Please transcribe only the lines between the one containing "ABAHOUSE「【SMART CLOSET】ハイゲージ ポンチ" and the end of the records, both ends included, exactly as written; skip every picture.

- - -

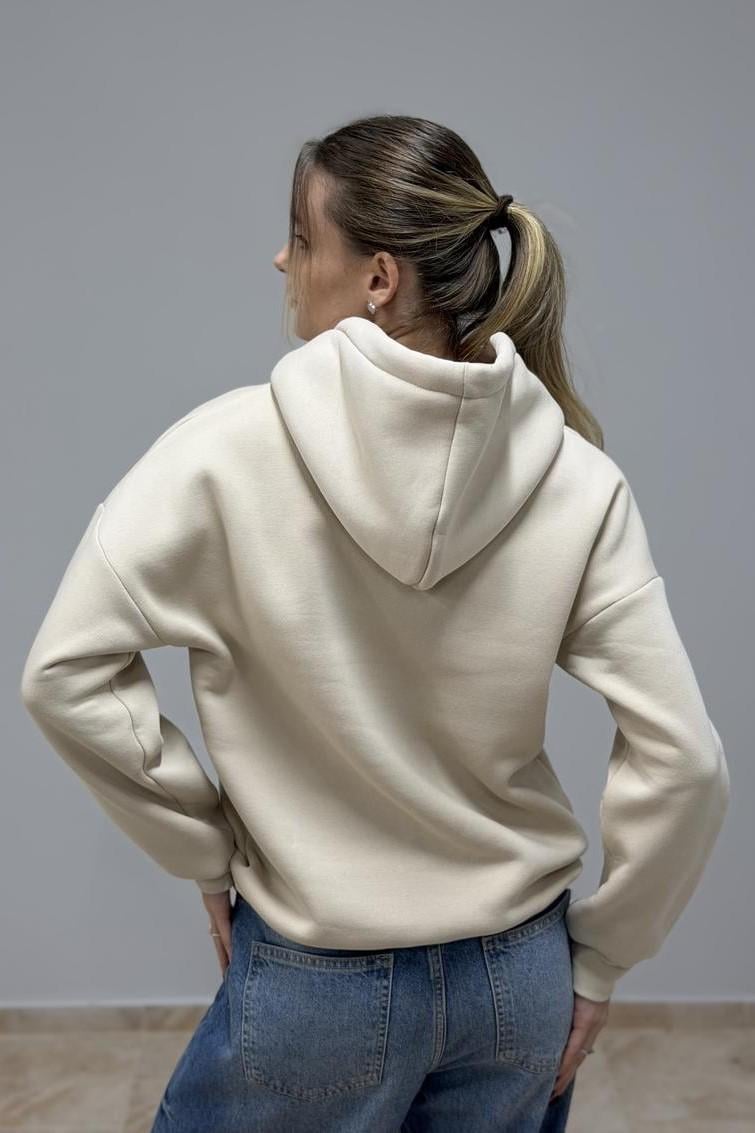 Худі жіночий М0211.4 з капюшоном M Таш бежевий (30665270) - фото 6 Худі жіночий М0211.4 з капюшоном M Таш бежевий (30665270) - фото 6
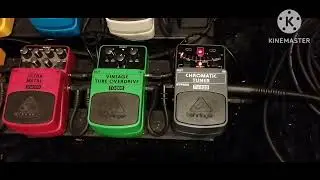 Berhinger TU300 CHROMATIC TUNER UNBOXING & TEST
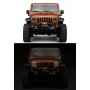 GloboStar DRL Πορτοκαλί και Ψυχρό Λευκό για Jeep Wrangler 7'' 12V 160W 2τμχ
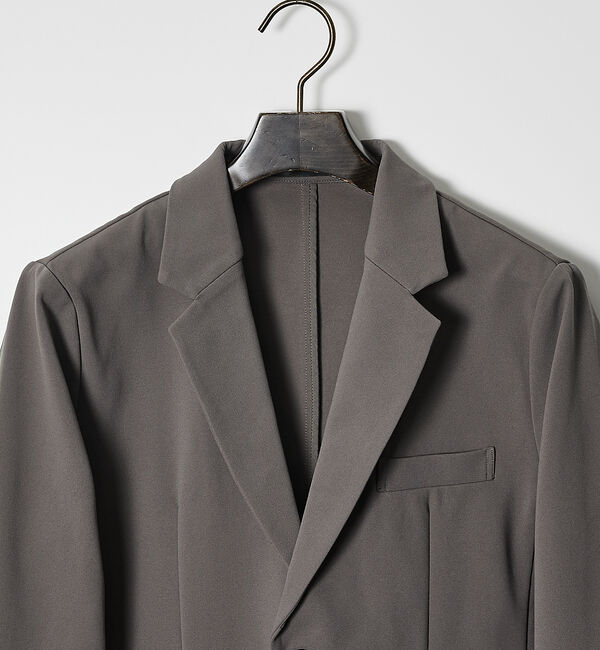 ABAHOUSE「【SMART CLOSET】ハイゲージ ポンチ ジャケット / セットアップ対応」|テーラードジャケット|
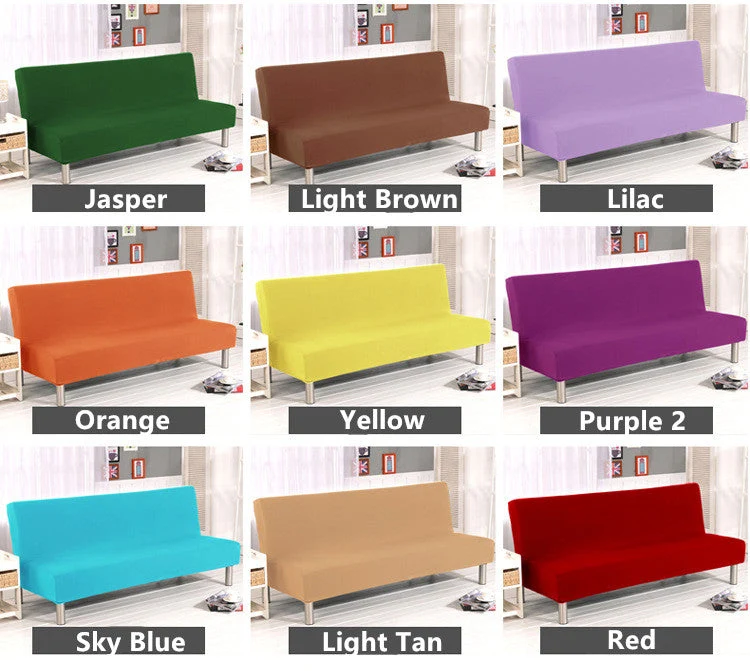 Housses extensibles pour canapé futon sans accoudoirs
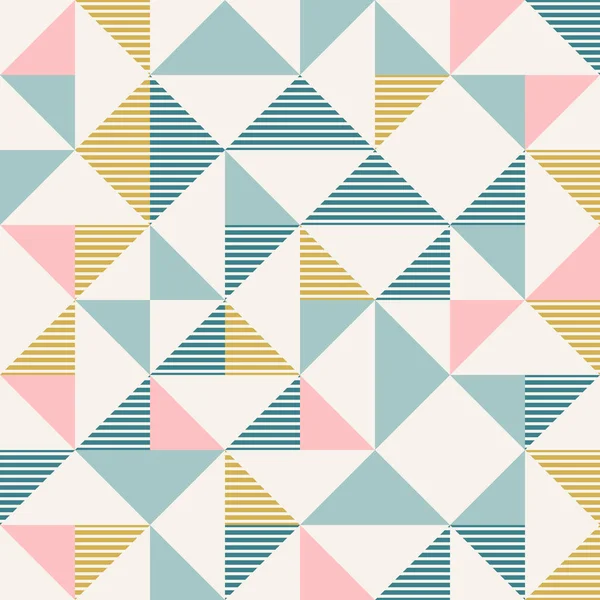 Géométrie abstraite en couleurs rétro, formes de diamants motif géo — Image vectorielle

- - -

» Exercise response
 ABAHOUSE「【SMART CLOSET】ハイゲージ ポンチ ジャケット / セットアップ対応」|テーラードジャケット|
 Housses extensibles pour canapé futon sans accoudoirs
 Géométrie abstraite en couleurs rétro, formes de diamants motif géo — Image vectorielle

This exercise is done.